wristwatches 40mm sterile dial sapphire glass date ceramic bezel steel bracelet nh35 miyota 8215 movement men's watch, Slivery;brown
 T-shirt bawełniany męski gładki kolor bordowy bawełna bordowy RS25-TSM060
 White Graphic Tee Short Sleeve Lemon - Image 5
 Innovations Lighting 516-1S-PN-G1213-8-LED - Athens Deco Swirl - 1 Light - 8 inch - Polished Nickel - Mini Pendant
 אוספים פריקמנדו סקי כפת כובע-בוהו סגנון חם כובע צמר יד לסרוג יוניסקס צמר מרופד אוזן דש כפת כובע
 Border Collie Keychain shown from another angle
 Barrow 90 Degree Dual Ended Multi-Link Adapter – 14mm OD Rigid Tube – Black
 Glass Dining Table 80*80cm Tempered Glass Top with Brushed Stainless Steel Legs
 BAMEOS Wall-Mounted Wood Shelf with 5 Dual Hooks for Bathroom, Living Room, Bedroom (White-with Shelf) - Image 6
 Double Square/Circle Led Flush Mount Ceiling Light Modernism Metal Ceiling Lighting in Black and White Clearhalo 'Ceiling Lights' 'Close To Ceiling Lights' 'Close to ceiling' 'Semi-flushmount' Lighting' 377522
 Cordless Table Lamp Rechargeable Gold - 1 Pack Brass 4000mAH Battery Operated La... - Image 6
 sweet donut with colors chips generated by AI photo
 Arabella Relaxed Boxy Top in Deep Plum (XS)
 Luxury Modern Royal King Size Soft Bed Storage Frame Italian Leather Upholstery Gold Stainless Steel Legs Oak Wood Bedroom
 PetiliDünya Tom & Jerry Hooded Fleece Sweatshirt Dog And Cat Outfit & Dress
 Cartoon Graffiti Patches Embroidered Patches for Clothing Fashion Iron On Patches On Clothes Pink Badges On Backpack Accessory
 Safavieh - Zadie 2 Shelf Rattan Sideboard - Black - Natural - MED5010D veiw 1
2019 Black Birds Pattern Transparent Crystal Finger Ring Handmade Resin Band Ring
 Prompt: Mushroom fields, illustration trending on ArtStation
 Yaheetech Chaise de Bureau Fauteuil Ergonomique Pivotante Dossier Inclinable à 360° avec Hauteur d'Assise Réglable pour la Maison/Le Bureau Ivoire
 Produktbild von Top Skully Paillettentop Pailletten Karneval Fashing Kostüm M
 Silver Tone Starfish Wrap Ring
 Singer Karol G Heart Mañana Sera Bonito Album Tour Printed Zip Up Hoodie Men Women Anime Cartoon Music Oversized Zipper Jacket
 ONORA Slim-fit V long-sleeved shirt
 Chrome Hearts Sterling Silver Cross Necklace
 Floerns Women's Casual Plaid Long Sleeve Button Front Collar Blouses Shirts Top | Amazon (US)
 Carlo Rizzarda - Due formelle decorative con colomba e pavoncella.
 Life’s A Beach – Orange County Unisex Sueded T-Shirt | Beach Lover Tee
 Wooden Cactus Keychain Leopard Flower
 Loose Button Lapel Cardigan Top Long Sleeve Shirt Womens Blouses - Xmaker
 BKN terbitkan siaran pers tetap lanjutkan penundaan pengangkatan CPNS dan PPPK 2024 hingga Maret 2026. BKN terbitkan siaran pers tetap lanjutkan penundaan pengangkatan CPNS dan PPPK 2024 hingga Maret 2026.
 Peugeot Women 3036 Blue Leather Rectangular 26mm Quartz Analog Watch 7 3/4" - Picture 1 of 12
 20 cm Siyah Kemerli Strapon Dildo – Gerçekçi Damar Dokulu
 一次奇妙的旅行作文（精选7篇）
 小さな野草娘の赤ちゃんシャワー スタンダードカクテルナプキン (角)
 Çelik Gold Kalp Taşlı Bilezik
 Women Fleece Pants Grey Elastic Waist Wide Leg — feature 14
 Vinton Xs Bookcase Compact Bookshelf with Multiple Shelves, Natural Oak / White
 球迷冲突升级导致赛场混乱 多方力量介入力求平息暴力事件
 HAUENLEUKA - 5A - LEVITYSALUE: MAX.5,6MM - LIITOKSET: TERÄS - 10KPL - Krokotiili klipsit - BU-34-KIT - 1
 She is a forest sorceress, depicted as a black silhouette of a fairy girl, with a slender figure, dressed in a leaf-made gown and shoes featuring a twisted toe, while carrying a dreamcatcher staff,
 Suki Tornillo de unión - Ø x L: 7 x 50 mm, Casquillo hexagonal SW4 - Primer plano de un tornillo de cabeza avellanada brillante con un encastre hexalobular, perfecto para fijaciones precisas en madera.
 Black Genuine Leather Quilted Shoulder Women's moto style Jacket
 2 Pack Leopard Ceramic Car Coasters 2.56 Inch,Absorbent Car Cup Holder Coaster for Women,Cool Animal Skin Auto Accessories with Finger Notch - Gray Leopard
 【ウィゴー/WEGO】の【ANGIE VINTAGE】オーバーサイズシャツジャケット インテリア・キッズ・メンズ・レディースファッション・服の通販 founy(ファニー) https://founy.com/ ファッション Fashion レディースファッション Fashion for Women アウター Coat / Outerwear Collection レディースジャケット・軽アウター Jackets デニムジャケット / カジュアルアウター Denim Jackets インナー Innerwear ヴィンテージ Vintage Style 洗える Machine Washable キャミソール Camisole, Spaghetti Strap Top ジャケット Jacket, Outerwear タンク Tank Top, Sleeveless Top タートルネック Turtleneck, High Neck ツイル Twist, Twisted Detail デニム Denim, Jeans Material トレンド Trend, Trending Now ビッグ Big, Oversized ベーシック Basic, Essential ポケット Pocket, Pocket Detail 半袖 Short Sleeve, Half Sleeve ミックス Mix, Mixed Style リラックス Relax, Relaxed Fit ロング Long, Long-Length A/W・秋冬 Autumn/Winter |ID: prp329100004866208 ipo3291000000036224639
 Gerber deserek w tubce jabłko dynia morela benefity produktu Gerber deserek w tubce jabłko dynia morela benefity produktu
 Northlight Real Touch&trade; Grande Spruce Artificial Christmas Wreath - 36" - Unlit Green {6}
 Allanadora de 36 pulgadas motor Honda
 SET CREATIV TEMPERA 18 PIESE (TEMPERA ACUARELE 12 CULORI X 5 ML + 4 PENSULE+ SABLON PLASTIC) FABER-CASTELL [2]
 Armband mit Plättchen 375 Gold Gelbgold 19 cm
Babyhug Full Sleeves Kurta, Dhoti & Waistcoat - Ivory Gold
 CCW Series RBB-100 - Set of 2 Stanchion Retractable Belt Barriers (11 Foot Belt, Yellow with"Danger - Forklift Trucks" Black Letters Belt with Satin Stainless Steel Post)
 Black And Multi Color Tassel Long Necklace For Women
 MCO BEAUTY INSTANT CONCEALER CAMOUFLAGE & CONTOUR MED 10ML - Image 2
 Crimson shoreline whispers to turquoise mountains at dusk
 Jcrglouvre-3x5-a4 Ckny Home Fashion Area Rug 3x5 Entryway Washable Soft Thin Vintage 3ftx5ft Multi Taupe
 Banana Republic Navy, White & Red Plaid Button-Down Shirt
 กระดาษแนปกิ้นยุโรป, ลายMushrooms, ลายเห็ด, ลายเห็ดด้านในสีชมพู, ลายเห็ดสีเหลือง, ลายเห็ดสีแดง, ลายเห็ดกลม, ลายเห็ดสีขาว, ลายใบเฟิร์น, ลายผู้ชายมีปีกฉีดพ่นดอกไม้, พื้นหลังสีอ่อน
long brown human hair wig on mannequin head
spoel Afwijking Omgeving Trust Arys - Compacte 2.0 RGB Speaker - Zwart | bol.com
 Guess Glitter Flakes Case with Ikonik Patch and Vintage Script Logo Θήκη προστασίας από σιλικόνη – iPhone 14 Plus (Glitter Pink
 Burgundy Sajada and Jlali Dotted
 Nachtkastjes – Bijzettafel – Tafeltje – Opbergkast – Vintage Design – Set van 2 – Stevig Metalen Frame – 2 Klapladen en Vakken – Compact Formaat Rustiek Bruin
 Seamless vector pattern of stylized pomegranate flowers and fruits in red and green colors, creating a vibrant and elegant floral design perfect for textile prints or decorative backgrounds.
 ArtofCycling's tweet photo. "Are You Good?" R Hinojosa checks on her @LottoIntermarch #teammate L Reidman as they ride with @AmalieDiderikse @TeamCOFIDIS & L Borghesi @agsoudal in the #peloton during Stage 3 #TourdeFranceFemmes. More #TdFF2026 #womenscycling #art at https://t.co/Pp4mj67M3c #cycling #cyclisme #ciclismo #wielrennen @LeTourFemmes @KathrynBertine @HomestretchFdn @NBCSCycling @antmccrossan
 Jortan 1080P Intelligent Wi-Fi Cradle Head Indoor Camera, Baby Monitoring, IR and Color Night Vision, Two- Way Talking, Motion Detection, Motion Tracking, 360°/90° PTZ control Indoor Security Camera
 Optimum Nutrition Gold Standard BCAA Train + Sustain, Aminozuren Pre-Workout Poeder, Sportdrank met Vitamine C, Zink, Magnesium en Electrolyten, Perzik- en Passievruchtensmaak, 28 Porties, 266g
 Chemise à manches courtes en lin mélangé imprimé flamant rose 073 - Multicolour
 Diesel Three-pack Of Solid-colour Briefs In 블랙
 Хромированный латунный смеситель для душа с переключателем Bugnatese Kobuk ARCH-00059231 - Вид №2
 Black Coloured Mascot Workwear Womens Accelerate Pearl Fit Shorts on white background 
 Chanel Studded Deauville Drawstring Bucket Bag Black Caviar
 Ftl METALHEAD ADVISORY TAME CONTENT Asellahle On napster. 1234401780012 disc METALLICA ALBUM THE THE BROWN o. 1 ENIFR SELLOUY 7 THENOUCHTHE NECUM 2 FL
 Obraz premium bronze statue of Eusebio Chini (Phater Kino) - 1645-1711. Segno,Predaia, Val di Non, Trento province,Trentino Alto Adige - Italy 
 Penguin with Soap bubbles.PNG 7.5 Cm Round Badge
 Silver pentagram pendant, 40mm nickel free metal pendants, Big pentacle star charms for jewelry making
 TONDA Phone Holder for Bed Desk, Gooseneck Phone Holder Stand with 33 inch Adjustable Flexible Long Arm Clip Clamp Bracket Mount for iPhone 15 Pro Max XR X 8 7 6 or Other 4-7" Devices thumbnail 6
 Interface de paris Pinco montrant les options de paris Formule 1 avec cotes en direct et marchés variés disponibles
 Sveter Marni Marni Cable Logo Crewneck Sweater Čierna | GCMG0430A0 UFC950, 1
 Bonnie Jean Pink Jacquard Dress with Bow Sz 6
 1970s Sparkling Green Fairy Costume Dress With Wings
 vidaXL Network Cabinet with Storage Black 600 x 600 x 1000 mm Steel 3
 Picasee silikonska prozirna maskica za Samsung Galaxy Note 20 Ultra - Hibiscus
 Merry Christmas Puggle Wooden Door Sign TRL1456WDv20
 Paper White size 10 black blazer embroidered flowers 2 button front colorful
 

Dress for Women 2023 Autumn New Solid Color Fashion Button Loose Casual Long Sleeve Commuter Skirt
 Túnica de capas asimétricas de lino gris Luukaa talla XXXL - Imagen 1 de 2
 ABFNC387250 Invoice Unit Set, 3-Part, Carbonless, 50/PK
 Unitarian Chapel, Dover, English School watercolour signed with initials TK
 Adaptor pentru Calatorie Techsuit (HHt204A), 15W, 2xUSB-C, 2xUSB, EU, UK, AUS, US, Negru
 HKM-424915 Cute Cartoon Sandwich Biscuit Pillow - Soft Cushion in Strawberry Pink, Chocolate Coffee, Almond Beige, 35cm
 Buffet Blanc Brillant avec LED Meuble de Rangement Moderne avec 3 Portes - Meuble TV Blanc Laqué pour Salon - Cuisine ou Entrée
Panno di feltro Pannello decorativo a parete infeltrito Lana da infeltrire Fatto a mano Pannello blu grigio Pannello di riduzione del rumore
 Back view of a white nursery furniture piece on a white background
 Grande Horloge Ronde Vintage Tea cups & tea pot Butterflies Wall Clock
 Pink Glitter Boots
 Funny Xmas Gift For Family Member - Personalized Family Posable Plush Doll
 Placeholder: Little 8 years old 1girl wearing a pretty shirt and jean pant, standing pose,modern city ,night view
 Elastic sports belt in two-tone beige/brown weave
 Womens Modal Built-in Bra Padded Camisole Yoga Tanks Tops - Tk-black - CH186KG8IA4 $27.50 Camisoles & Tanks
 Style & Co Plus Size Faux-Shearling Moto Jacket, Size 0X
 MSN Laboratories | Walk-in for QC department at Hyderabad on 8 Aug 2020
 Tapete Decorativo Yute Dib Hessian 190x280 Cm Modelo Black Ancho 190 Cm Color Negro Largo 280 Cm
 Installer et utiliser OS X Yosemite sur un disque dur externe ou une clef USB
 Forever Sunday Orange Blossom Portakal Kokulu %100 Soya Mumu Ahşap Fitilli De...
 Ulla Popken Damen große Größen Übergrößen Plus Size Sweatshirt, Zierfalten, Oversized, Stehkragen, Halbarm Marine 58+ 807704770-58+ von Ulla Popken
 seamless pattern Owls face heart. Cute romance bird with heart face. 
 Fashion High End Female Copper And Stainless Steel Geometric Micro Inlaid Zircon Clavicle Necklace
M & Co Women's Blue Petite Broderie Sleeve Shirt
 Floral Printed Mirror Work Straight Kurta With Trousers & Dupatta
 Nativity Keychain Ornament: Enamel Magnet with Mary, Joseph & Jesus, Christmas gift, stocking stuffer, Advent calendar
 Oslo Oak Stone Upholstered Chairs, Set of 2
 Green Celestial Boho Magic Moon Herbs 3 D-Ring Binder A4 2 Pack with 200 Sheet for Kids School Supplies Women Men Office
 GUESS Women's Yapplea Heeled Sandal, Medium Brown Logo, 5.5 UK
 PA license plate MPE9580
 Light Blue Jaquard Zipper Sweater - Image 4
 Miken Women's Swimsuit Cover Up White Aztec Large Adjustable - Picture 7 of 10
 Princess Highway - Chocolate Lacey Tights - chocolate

**Prompt**
Where does "Sweatshirt" appear in the records above? Copy every line that has it.

**Response box**
 PetiliDünya Tom & Jerry Hooded Fleece Sweatshirt Dog And Cat Outfit & Dress
 Ulla Popken Damen große Größen Übergrößen Plus Size Sweatshirt, Zierfalten, Oversized, Stehkragen, Halbarm Marine 58+ 807704770-58+ von Ulla Popken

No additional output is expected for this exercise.